MatchAll and MatchNothing

These are wrapped as xapian.Query.MatchAll and xapian.Query.MatchNothing.

MatchDecider

Custom MatchDeciders can be created in Python - subclass xapian.MatchDecider, ensure you call the super-constructor from your constructor, and define a __call__ method that will do the work. The simplest example (which does nothing useful) would be as follows:

class mymatchdecider(xapian.MatchDecider):
  def __init__(self):
    xapian.MatchDecider.__init__(self)

  def __call__(self, doc):
    # Accept all documents.
    return True

ValueRangeProcessor

The ValueRangeProcessor class is deprecated and will be removed in Xapian 2.0.0. The replacement is RangeProcessor (added in Xapian 1.3.6). Use RangeProcessor instead in new code - it’s more flexible because it can return an arbitrary Query object. This section documenting ValueRangeProcessor is here to aid migrating existing uses.

The ValueRangeProcessor class (and its subclasses) provide an operator() method (which is exposed in python as a __call__() method, making the class instances into callables). This method checks whether the beginning and end of a range are in a format understood by the ValueRangeProcessor, and if so, converts the beginning and end into strings which sort appropriately. ValueRangeProcessors can be defined in python (and then passed to the QueryParser), or there are several default built-in ones which can be used.

In C++ the operator() method takes two std::string arguments by reference, which the subclassed method can modify, and returns a value slot number. In Python, we wrap this by passing two bytes objects to __call__ and having it return a tuple of (value_slot, modified_begin, modified_end). For example:

vrp = xapian.NumberValueRangeProcessor(0, '$', True)
a = '$10'
b = '20'
slot, a, b = vrp(a, b)

You can implement your own ValueRangeProcessor in Python. The Python implementation should override the __call__() method with its own implementation, which returns a tuple as above. For example:

class MyVRP(xapian.ValueRangeProcessor):
  def __init__(self):
    xapian.ValueRangeProcessor.__init__(self)
  def __call__(self, begin, end):
    return (7, "A"+begin, "B"+end)

The equivalent RangeProcessor subclass to MyVRP would look like this:

class MyRP(xapian.RangeProcessor):
    def __init__(self):
        xapian.RangeProcessor.__init__(self)
    def __call__(self, begin, end):
        return xapian.Query(xapian.Query.OP_VALUE_RANGE, "A"+begin, "B"+end)

Return xapian.Query(xapian.Query.OP_INVALID) to signal that you don’t want to handle an offered range.

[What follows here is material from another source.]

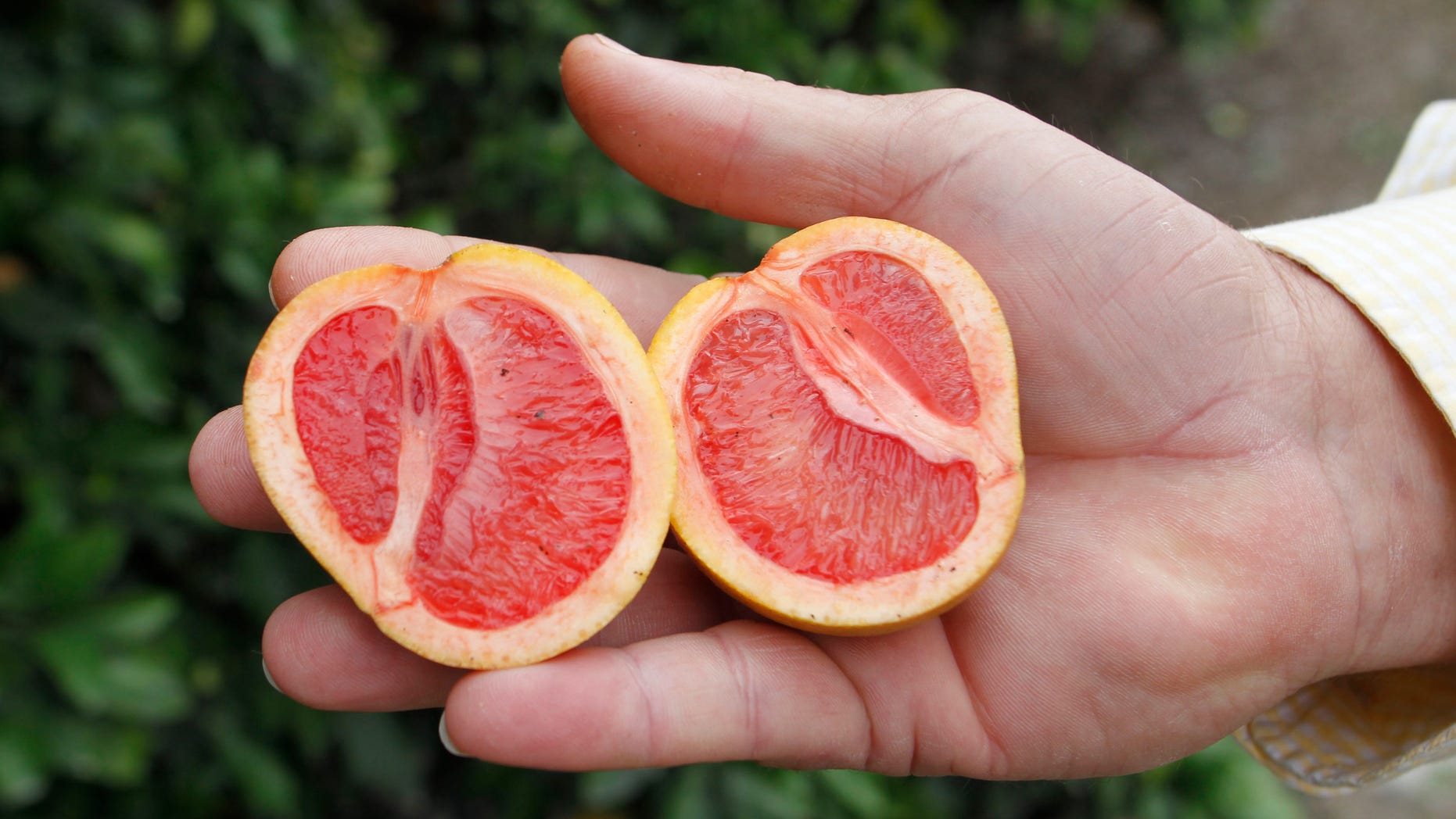 Citrus affected by "greening," an insect-borne bacterial disease is shown as Larry Hardie, a grove manager for Barnes Citrus, Inc. holds malformed star ruby grapefruit in a grove in Vero Beach, Florida.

Apache and mod_python/mod_wsgi

Prior to Xapian 1.3.0, you had to tell mod_python and mod_wsgi to run applications which use Xapian in the main interpreter. Xapian 1.3.0 no longer uses the simplified GIL state API, and so this restriction no longer applies.

Test Suite

The Python bindings come with a test suite, consisting of two test files: smoketest.py and pythontest.py. These are run by the make check command, or may be run manually. By default, they will display the names of any tests which failed, and then display a count of tests which run and which failed. The verbosity may be increased by setting the VERBOSE environment variable, for example:

make check VERBOSE=1

Setting VERBOSE to 1 will display detailed information about failures, and a value of 2 will display further information about the progress of tests.